Flashback is a feature series that revisits key moments from TV news history with the Newsers that were part of them.
With apologies to the late, great George Carlin, there are actually eight words you can never say on television. Connie Chung learned that lesson the hard way 30 years ago when a certain five-letter word uttered during a high-profile interview spelled the end of her storied CBS News career.
On Jan. 5, 1995, the pioneering journalist sat down with Kathleen Gingrich, mother of former Speaker of the House Newt Gingrich, for a timely edition of her newsmagazine Eye to Eye. The Georgia Republican had just led the GOP to a resounding midterm victory that reset Congress’ relationship with then-President Bill Clinton, and his antipathy towards both POTUS and former FLOTUS Hillary Clinton was well-known within Washington, D.C. circles… and, as it turned out, his own family.
Midway through her interview with Kathleen Gingrich, Chung learned exactly what her son thought of the first lady. “I can’t tell you what he’s said about Hillary,” Gingrich initially said, at which point Chung invited her to “whisper it to me” on-camera. The 69-year-old leaned in and whispered—clearly enough for the audience to hear—“She’s a b****.”

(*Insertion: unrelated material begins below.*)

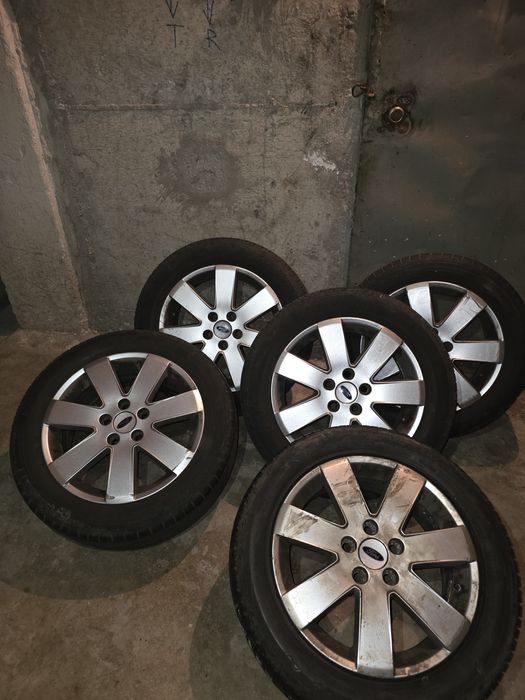 VÂND 4 JANTE + REZERVĂ FORD MONDEO ALIAJ, 16" cu cauciucuri vară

That whisper opened the floodgates for Chung came to call “B****gate,” which led to recriminations from the Gingrich family, as well as other politicians and journalists. It also directly contributed to her departure from CBS later that year after being removed as the CBS Evening News co-anchor alongside Dan Rather.
“That was a nail in the coffin,” Chung recently told TVNewser during a conversation about her bestselling autobiography, Connie: A Memoir.

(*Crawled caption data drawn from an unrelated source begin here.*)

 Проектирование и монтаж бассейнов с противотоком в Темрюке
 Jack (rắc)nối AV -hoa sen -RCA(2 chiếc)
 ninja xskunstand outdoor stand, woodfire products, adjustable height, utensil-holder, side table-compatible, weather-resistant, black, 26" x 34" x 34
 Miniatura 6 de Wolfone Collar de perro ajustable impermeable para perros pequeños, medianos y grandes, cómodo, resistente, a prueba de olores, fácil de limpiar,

Three decades later, she characterizes the interview and the ensuing controversy as a “crazy sequence of events,” where she became a “lightning rod” in a larger debate about how the family members of prominent politicians should be treated by the news media. To this day, though, Chung maintains that Kathleen Gingrich—who died in 2003—knew exactly what she was doing when she decided to drop the “B” word on national television.
“She was happy to be the star and to tell what she knew and what she didn’t know,” Chung says. “I could see that was where Newt Gingrich got his outlandish feistiness from.”